YOUR OBJECTIVE: Print out the full listing, exactly.

** INFORMATION SHOWN follows **

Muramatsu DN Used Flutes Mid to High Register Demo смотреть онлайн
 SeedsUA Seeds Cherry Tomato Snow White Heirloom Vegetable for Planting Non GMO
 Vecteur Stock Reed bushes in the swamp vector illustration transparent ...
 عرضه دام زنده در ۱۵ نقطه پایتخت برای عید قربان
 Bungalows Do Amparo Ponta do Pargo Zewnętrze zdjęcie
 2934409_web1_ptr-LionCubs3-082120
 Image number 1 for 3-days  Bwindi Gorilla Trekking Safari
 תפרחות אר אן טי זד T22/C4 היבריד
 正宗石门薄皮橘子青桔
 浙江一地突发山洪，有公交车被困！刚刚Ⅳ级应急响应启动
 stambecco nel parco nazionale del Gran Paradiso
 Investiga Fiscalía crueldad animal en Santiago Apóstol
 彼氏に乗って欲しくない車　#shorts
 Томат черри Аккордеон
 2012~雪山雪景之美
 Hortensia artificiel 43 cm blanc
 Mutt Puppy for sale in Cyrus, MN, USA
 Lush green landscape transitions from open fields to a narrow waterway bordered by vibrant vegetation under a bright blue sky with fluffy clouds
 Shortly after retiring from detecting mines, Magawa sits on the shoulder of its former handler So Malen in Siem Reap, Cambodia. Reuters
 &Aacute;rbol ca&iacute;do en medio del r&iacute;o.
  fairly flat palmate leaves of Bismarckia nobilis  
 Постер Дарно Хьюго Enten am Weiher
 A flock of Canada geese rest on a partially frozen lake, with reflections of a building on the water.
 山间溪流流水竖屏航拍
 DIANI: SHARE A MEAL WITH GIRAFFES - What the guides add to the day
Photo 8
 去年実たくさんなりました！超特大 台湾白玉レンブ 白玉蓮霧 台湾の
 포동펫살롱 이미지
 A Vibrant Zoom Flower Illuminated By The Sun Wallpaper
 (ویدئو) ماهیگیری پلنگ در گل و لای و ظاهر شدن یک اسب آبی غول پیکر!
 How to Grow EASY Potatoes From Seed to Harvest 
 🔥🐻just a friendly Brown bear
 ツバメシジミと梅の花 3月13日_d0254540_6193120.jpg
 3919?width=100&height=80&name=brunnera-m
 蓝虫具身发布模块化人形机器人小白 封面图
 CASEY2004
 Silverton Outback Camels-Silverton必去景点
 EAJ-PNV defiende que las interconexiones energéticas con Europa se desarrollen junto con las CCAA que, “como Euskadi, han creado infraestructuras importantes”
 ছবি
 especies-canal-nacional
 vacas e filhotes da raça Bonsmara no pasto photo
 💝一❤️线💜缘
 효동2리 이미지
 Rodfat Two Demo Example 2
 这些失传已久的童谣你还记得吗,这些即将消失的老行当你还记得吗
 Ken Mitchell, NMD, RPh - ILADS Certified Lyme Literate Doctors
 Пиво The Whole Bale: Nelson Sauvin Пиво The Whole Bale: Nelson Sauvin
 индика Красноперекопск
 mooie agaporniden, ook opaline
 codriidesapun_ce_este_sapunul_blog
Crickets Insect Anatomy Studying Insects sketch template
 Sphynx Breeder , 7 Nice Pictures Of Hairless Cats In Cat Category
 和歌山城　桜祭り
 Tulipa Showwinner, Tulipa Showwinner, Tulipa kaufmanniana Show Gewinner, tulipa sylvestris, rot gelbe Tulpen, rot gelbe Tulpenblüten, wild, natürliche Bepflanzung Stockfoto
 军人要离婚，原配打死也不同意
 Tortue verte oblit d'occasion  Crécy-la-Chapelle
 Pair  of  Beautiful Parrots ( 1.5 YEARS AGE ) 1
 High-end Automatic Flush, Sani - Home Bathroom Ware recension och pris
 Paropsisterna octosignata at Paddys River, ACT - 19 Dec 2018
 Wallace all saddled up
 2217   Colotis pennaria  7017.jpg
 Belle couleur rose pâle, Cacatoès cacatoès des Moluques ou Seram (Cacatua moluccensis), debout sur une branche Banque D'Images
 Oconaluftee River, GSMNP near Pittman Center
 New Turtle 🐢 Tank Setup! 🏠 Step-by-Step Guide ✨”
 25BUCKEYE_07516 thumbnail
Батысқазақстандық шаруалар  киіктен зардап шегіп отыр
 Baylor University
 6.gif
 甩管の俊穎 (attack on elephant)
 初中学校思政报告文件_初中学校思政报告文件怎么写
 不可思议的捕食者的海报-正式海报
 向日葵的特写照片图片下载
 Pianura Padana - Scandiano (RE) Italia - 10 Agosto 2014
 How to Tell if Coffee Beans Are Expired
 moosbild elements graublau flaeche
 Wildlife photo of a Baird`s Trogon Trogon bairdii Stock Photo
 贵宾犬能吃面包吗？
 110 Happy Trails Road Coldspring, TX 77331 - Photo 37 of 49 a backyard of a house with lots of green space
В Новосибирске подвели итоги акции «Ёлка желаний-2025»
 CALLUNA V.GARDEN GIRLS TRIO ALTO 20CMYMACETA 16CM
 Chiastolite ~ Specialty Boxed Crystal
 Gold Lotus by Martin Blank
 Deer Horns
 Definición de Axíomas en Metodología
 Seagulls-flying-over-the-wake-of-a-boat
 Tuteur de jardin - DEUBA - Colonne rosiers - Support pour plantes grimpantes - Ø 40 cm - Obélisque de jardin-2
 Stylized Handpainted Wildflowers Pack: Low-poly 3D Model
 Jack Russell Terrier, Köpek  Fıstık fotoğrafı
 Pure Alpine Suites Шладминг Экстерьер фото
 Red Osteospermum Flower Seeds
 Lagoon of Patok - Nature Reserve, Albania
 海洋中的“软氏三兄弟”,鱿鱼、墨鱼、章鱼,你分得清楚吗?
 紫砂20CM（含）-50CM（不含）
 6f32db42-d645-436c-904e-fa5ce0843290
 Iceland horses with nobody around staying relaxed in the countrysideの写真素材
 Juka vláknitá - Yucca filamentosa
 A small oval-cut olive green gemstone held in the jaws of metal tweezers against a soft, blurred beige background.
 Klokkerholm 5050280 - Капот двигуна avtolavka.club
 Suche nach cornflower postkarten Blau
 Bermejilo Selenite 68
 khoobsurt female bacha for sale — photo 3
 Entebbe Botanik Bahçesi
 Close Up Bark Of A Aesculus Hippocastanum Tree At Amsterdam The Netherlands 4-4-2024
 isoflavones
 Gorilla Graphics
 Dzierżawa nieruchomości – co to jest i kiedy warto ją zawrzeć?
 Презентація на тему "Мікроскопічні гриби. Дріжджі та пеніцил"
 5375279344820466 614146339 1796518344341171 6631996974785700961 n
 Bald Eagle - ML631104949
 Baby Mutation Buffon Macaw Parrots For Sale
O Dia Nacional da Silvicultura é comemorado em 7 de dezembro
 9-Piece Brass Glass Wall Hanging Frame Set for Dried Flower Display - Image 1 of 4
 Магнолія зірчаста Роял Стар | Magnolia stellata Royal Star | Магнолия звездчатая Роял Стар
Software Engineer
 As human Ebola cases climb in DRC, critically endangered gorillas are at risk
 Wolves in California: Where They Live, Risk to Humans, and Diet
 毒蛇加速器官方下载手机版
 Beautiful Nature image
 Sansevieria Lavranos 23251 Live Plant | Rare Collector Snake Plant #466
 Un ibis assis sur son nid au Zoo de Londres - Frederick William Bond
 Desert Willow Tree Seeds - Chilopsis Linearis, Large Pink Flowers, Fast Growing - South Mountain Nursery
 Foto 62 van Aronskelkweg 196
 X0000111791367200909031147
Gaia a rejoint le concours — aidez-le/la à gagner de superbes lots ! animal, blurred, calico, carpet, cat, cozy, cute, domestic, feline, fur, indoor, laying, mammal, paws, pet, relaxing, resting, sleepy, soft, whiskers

** End of INFORMATION SHOWN **

RESPONSE BOX:
Muramatsu DN Used Flutes Mid to High Register Demo смотреть онлайн
 SeedsUA Seeds Cherry Tomato Snow White Heirloom Vegetable for Planting Non GMO
 Vecteur Stock Reed bushes in the swamp vector illustration transparent ...
 عرضه دام زنده در ۱۵ نقطه پایتخت برای عید قربان
 Bungalows Do Amparo Ponta do Pargo Zewnętrze zdjęcie
 2934409_web1_ptr-LionCubs3-082120
 Image number 1 for 3-days  Bwindi Gorilla Trekking Safari
 תפרחות אר אן טי זד T22/C4 היבריד
 正宗石门薄皮橘子青桔
 浙江一地突发山洪，有公交车被困！刚刚Ⅳ级应急响应启动
 stambecco nel parco nazionale del Gran Paradiso
 Investiga Fiscalía crueldad animal en Santiago Apóstol
 彼氏に乗って欲しくない車　#shorts
 Томат черри Аккордеон
 2012~雪山雪景之美
 Hortensia artificiel 43 cm blanc
 Mutt Puppy for sale in Cyrus, MN, USA
 Lush green landscape transitions from open fields to a narrow waterway bordered by vibrant vegetation under a bright blue sky with fluffy clouds
 Shortly after retiring from detecting mines, Magawa sits on the shoulder of its former handler So Malen in Siem Reap, Cambodia. Reuters
 &Aacute;rbol ca&iacute;do en medio del r&iacute;o.
  fairly flat palmate leaves of Bismarckia nobilis  
 Постер Дарно Хьюго Enten am Weiher
 A flock of Canada geese rest on a partially frozen lake, with reflections of a building on the water.
 山间溪流流水竖屏航拍
 DIANI: SHARE A MEAL WITH GIRAFFES - What the guides add to the day
Photo 8
 去年実たくさんなりました！超特大 台湾白玉レンブ 白玉蓮霧 台湾の
 포동펫살롱 이미지
 A Vibrant Zoom Flower Illuminated By The Sun Wallpaper
 (ویدئو) ماهیگیری پلنگ در گل و لای و ظاهر شدن یک اسب آبی غول پیکر!
 How to Grow EASY Potatoes From Seed to Harvest 
 🔥🐻just a friendly Brown bear
 ツバメシジミと梅の花 3月13日_d0254540_6193120.jpg
 3919?width=100&height=80&name=brunnera-m
 蓝虫具身发布模块化人形机器人小白 封面图
 CASEY2004
 Silverton Outback Camels-Silverton必去景点
 EAJ-PNV defiende que las interconexiones energéticas con Europa se desarrollen junto con las CCAA que, “como Euskadi, han creado infraestructuras importantes”
 ছবি
 especies-canal-nacional
 vacas e filhotes da raça Bonsmara no pasto photo
 💝一❤️线💜缘
 효동2리 이미지
 Rodfat Two Demo Example 2
 这些失传已久的童谣你还记得吗,这些即将消失的老行当你还记得吗
 Ken Mitchell, NMD, RPh - ILADS Certified Lyme Literate Doctors
 Пиво The Whole Bale: Nelson Sauvin Пиво The Whole Bale: Nelson Sauvin
 индика Красноперекопск
 mooie agaporniden, ook opaline
 codriidesapun_ce_este_sapunul_blog
Crickets Insect Anatomy Studying Insects sketch template
 Sphynx Breeder , 7 Nice Pictures Of Hairless Cats In Cat Category
 和歌山城　桜祭り
 Tulipa Showwinner, Tulipa Showwinner, Tulipa kaufmanniana Show Gewinner, tulipa sylvestris, rot gelbe Tulpen, rot gelbe Tulpenblüten, wild, natürliche Bepflanzung Stockfoto
 军人要离婚，原配打死也不同意
 Tortue verte oblit d'occasion  Crécy-la-Chapelle
 Pair  of  Beautiful Parrots ( 1.5 YEARS AGE ) 1
 High-end Automatic Flush, Sani - Home Bathroom Ware recension och pris
 Paropsisterna octosignata at Paddys River, ACT - 19 Dec 2018
 Wallace all saddled up
 2217   Colotis pennaria  7017.jpg
 Belle couleur rose pâle, Cacatoès cacatoès des Moluques ou Seram (Cacatua moluccensis), debout sur une branche Banque D'Images
 Oconaluftee River, GSMNP near Pittman Center
 New Turtle 🐢 Tank Setup! 🏠 Step-by-Step Guide ✨”
 25BUCKEYE_07516 thumbnail
Батысқазақстандық шаруалар  киіктен зардап шегіп отыр
 Baylor University
 6.gif
 甩管の俊穎 (attack on elephant)
 初中学校思政报告文件_初中学校思政报告文件怎么写
 不可思议的捕食者的海报-正式海报
 向日葵的特写照片图片下载
 Pianura Padana - Scandiano (RE) Italia - 10 Agosto 2014
 How to Tell if Coffee Beans Are Expired
 moosbild elements graublau flaeche
 Wildlife photo of a Baird`s Trogon Trogon bairdii Stock Photo
 贵宾犬能吃面包吗？
 110 Happy Trails Road Coldspring, TX 77331 - Photo 37 of 49 a backyard of a house with lots of green space
В Новосибирске подвели итоги акции «Ёлка желаний-2025»
 CALLUNA V.GARDEN GIRLS TRIO ALTO 20CMYMACETA 16CM
 Chiastolite ~ Specialty Boxed Crystal
 Gold Lotus by Martin Blank
 Deer Horns
 Definición de Axíomas en Metodología
 Seagulls-flying-over-the-wake-of-a-boat
 Tuteur de jardin - DEUBA - Colonne rosiers - Support pour plantes grimpantes - Ø 40 cm - Obélisque de jardin-2
 Stylized Handpainted Wildflowers Pack: Low-poly 3D Model
 Jack Russell Terrier, Köpek  Fıstık fotoğrafı
 Pure Alpine Suites Шладминг Экстерьер фото
 Red Osteospermum Flower Seeds
 Lagoon of Patok - Nature Reserve, Albania
 海洋中的“软氏三兄弟”,鱿鱼、墨鱼、章鱼,你分得清楚吗?
 紫砂20CM（含）-50CM（不含）
 6f32db42-d645-436c-904e-fa5ce0843290
 Iceland horses with nobody around staying relaxed in the countrysideの写真素材
 Juka vláknitá - Yucca filamentosa
 A small oval-cut olive green gemstone held in the jaws of metal tweezers against a soft, blurred beige background.
 Klokkerholm 5050280 - Капот двигуна avtolavka.club
 Suche nach cornflower postkarten Blau
 Bermejilo Selenite 68
 khoobsurt female bacha for sale — photo 3
 Entebbe Botanik Bahçesi
 Close Up Bark Of A Aesculus Hippocastanum Tree At Amsterdam The Netherlands 4-4-2024
 isoflavones
 Gorilla Graphics
 Dzierżawa nieruchomości – co to jest i kiedy warto ją zawrzeć?
 Презентація на тему "Мікроскопічні гриби. Дріжджі та пеніцил"
 5375279344820466 614146339 1796518344341171 6631996974785700961 n
 Bald Eagle - ML631104949
 Baby Mutation Buffon Macaw Parrots For Sale
O Dia Nacional da Silvicultura é comemorado em 7 de dezembro
 9-Piece Brass Glass Wall Hanging Frame Set for Dried Flower Display - Image 1 of 4
 Магнолія зірчаста Роял Стар | Magnolia stellata Royal Star | Магнолия звездчатая Роял Стар
Software Engineer
 As human Ebola cases climb in DRC, critically endangered gorillas are at risk
 Wolves in California: Where They Live, Risk to Humans, and Diet
 毒蛇加速器官方下载手机版
 Beautiful Nature image
 Sansevieria Lavranos 23251 Live Plant | Rare Collector Snake Plant #466
 Un ibis assis sur son nid au Zoo de Londres - Frederick William Bond
 Desert Willow Tree Seeds - Chilopsis Linearis, Large Pink Flowers, Fast Growing - South Mountain Nursery
 Foto 62 van Aronskelkweg 196
 X0000111791367200909031147
Gaia a rejoint le concours — aidez-le/la à gagner de superbes lots ! animal, blurred, calico, carpet, cat, cozy, cute, domestic, feline, fur, indoor, laying, mammal, paws, pet, relaxing, resting, sleepy, soft, whiskers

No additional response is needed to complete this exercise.